Commentaire de C. trav. Bruxelles, 4 novembre 2013, R.G. 2012/AB/334

Mis en ligne le vendredi 16 mai 2014


Cour du travail de Bruxelles, 4 novembre 2013, R.G. n° 2012/AB/334

Terra Laboris asbl

Dans un arrêt du 4 novembre 2013, la Cour du travail de Bruxelles rappelle ce qu’il faut entendre par ménage au sens de la loi du 27 février 1987 relative aux allocations aux personnes handicapées et de son arrêté d’exécution du 6 juillet 1987, eu égard à l’arrêt de la Cour constitutionnelle du 10 novembre 2011.

Les faits

Une personne souffrant d’une pathologie psychiatrique lourde est régulièrement amenée à devoir être hébergée en institution. En dehors de ces périodes de prise en charge, elle vit à l’adresse de son domicile personnel. Elle est reprise, pour une partie de la période où elle réside à son domicile, comme formant un ménage avec un tiers. L’intéressée est ultérieurement mise sous administration provisoire et l’administratrice informe le SPF Sécurité sociale de la cohabitation. Un réexamen du dossier intervient alors et un important indu est réclamé. Il est de l’ordre de 20.000€.

Un recours est introduit devant le Tribunal du travail de Bruxelles par l’administratrice provisoire.

Décision du tribunal du travail

Par jugement du 7 mars 2012, le tribunal confirme qu’il y a eu ménage au sens de l’article 7 de la loi du 27 février 1987 relative aux allocations aux personnes handicapées. Le tribunal ordonne la réouverture des débats aux fins de déterminer le montant de l’allocation d’intégration à allouer eu égard à l’arrêt de la Cour constitutionnelle du 10 novembre 2011.

L’Etat belge fait appel du jugement en ce qu’il fait référence à cet arrêt.

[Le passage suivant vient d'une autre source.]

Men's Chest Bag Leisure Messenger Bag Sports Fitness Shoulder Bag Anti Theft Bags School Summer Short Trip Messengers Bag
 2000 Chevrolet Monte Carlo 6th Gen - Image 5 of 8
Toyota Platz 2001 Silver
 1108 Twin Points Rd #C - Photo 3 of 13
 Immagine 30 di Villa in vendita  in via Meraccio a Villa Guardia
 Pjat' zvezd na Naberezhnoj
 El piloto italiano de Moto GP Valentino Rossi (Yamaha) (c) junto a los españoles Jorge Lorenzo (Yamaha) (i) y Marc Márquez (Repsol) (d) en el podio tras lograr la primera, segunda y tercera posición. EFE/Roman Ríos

Décision de la cour du travail

La cour rappelle que la loi du 27 février 1987 a fixé trois catégories de bénéficiaires, étant (i) les personnes handicapées qui soit sont établies en ménage soit ont un ou plusieurs enfants à charge (personnes qui bénéficient de 200% du montant de base – catégorie C), (ii) les personnes qui vivent seules ou séjournent nuit et jour dans une institution de soins depuis trois mois et n’appartenaient pas à la catégorie précédente auparavant (personnes qui perçoivent 150% du montant de base – catégorie B) et (iii) celles qui n’appartiennent à aucune des deux catégories précédentes (qui perçoivent le montant de base à 100% - catégorie A).

La loi contient une définition de la notion de ménage, étant qu’elle vise toute cohabitation de deux personnes qui ne sont pas parentes ou alliées au 1er, 2e ou 3e degré. Il y a présomption de ménage lorsque deux personnes au moins (non parentes ou alliées au 1er, 2e ou 3e degré) ont leur résidence principale à la même adresse. Cette présomption peut être renversée, la preuve contraire pouvant être apportée par tous les moyens autorisés.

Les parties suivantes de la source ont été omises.